::: ENTRIES SHOWN
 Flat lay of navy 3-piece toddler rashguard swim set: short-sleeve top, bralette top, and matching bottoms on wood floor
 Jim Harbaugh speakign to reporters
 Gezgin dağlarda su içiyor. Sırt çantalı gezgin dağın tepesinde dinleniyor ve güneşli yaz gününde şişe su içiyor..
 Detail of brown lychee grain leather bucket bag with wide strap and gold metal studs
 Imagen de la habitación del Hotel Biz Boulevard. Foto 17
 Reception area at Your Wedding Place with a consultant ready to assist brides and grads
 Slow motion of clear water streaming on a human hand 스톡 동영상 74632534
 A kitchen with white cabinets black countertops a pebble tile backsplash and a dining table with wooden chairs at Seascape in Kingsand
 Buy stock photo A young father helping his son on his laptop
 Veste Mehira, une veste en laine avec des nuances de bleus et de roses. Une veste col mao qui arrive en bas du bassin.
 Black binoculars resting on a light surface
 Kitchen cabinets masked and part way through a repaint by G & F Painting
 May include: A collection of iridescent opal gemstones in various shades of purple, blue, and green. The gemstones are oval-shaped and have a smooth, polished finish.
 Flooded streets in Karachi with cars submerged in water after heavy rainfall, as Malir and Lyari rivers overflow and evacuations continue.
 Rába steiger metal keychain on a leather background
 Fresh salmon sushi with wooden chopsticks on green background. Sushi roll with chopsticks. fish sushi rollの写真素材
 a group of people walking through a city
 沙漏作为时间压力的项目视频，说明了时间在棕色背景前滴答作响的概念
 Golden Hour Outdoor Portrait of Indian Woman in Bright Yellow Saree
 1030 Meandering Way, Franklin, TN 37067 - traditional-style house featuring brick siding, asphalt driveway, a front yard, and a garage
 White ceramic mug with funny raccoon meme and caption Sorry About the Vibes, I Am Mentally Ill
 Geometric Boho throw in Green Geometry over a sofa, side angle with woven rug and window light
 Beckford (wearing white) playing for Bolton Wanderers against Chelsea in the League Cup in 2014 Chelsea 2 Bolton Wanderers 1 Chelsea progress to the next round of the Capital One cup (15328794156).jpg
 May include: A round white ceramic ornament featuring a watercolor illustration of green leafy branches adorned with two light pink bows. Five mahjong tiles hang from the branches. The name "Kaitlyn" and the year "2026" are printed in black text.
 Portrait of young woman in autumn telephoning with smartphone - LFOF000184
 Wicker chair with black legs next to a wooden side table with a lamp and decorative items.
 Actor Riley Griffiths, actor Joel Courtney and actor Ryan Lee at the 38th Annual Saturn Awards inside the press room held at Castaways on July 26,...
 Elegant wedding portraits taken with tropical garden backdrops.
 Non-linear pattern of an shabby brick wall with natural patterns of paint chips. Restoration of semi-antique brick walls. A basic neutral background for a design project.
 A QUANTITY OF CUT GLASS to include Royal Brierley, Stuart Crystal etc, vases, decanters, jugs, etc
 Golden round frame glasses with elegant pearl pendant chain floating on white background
::::::
- _YOUR ASSIGNMENT_: Output exactly the lines of the material above from the one containing "a group of people walking through a city" up to and including the one containing "Golden Hour Outdoor".

- _SOLVED PROBLEM_:
 a group of people walking through a city
 沙漏作为时间压力的项目视频，说明了时间在棕色背景前滴答作响的概念
 Golden Hour Outdoor Portrait of Indian Woman in Bright Yellow Saree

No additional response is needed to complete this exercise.